Extract precisely the lines of the entries below, from the first line through the line containing "Suni Deri Unisex".

___ Record set

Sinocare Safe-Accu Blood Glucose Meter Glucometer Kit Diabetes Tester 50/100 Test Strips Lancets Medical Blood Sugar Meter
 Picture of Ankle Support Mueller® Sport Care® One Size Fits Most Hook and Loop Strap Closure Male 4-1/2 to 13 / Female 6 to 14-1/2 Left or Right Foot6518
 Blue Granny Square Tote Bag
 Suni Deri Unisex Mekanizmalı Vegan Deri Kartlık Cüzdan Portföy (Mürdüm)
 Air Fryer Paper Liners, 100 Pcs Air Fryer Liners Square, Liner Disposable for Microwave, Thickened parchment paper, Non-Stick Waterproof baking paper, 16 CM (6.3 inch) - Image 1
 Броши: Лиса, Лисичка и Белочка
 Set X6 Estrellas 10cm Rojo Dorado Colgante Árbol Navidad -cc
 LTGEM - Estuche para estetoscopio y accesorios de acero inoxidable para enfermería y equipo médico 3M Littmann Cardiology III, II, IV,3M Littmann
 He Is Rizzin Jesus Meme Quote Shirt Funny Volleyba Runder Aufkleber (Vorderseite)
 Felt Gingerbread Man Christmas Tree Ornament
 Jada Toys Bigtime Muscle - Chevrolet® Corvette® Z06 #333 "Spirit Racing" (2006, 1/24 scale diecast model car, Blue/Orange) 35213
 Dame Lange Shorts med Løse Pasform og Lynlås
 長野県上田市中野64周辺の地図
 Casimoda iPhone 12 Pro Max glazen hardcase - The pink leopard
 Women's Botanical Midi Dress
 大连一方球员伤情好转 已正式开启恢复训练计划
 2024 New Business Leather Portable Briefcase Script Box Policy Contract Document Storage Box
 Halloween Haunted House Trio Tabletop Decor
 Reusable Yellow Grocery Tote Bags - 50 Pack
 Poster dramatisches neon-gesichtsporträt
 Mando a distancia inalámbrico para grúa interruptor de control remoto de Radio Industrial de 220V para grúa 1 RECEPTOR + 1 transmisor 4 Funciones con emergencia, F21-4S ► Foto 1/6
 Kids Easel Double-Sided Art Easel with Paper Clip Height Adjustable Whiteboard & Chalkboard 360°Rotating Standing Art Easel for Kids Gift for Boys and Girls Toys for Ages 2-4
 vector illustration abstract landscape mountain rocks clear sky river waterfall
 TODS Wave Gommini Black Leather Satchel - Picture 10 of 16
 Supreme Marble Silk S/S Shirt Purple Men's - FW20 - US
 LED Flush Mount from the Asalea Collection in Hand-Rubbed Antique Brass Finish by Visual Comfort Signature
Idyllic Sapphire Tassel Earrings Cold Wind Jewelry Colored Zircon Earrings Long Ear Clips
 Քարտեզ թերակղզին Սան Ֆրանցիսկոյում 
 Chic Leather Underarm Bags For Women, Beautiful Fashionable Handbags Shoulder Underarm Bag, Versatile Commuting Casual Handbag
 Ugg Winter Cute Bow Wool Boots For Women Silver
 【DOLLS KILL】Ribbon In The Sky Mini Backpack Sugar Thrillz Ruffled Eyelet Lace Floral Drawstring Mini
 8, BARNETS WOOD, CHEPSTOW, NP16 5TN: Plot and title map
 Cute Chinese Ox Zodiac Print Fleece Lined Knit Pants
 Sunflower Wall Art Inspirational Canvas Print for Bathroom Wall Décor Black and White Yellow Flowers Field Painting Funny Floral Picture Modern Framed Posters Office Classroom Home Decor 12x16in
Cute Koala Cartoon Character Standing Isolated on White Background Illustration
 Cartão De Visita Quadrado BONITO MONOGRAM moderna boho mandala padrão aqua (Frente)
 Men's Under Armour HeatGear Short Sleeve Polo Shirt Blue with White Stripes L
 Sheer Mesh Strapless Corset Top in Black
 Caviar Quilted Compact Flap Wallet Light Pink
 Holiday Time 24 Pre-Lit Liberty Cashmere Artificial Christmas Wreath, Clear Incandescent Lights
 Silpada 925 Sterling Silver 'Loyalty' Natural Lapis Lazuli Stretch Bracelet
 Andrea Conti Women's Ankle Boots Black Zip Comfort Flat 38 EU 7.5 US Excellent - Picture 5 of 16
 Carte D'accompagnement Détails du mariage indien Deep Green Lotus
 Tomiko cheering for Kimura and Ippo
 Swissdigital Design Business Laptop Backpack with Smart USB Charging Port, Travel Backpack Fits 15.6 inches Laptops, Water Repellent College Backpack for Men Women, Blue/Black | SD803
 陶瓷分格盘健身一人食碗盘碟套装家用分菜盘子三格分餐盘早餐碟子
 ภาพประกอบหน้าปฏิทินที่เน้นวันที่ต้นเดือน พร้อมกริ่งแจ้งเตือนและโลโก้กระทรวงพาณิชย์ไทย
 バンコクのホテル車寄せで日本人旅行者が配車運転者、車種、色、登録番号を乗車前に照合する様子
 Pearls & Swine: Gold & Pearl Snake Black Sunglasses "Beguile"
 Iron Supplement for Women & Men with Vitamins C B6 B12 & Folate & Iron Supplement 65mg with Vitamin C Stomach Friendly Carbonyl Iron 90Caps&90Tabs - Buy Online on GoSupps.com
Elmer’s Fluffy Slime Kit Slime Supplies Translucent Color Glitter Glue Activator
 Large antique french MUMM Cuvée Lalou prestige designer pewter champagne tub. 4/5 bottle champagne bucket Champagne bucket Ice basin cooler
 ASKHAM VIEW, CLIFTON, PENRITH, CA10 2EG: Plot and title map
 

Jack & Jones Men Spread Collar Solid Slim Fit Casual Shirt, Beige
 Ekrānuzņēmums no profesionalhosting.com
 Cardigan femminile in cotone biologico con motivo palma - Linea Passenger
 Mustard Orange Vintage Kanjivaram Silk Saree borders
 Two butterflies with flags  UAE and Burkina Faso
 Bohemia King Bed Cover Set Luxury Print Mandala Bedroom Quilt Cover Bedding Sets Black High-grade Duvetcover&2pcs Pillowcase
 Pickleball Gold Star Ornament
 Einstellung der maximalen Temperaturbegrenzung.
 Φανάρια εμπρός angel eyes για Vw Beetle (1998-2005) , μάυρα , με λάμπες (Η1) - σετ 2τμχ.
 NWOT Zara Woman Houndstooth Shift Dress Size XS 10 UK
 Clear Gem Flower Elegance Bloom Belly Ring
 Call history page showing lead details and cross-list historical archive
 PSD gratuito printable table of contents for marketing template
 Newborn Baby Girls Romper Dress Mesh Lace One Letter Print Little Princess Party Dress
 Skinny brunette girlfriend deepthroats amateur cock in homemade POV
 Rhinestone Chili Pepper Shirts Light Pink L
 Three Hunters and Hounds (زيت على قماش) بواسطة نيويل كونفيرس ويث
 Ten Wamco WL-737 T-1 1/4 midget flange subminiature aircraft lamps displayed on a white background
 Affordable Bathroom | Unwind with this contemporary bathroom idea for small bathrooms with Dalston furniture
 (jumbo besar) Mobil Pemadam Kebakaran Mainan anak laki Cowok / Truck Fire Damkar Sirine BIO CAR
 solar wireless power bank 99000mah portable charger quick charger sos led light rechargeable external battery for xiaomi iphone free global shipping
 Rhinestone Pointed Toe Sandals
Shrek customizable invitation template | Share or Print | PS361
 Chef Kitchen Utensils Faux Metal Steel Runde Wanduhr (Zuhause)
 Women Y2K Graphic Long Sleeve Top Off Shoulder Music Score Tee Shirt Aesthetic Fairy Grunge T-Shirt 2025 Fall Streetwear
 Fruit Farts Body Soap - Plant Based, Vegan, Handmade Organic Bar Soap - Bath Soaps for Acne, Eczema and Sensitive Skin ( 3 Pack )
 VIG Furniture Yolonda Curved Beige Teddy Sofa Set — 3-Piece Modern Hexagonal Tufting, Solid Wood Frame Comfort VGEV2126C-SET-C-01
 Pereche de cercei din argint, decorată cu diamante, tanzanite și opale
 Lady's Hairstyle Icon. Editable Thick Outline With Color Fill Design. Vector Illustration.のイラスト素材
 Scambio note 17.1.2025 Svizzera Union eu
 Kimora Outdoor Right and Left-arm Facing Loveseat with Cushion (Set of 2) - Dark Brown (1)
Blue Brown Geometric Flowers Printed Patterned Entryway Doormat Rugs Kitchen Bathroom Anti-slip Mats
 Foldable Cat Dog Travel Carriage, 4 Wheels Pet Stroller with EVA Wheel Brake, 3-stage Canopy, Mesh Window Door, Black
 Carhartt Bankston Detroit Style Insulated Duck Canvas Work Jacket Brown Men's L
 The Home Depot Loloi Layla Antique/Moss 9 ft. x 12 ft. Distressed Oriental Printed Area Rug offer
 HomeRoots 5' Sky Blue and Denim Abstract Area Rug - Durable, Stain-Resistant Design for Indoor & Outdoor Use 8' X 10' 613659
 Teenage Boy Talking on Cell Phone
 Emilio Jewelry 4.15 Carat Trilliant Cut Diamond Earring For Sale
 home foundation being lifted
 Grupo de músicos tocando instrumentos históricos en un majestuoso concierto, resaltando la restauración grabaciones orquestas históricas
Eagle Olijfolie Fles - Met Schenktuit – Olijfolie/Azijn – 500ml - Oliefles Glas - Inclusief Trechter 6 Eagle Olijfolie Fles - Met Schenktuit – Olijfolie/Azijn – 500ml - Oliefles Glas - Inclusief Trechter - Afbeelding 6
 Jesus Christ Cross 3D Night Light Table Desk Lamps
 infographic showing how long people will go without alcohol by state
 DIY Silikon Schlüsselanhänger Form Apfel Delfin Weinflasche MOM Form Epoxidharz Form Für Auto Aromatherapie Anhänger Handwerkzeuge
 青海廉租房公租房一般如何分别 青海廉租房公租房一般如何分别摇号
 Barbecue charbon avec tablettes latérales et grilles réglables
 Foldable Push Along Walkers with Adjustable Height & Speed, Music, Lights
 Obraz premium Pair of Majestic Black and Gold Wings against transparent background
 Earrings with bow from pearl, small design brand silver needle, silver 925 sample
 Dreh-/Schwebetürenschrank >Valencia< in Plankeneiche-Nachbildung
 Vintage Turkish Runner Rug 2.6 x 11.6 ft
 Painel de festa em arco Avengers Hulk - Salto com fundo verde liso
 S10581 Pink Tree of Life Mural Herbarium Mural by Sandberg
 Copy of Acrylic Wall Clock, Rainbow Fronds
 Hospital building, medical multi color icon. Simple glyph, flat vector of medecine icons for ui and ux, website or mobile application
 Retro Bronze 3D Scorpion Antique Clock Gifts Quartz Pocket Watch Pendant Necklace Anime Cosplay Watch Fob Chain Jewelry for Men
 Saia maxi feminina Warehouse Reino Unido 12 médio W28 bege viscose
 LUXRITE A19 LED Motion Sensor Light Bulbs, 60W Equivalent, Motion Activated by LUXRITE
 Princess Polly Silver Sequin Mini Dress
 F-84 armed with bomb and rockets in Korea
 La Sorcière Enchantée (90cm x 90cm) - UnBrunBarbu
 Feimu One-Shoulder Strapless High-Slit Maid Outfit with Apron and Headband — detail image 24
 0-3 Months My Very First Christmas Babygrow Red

______

Completed task —
Sinocare Safe-Accu Blood Glucose Meter Glucometer Kit Diabetes Tester 50/100 Test Strips Lancets Medical Blood Sugar Meter
 Picture of Ankle Support Mueller® Sport Care® One Size Fits Most Hook and Loop Strap Closure Male 4-1/2 to 13 / Female 6 to 14-1/2 Left or Right Foot6518
 Blue Granny Square Tote Bag
 Suni Deri Unisex Mekanizmalı Vegan Deri Kartlık Cüzdan Portföy (Mürdüm)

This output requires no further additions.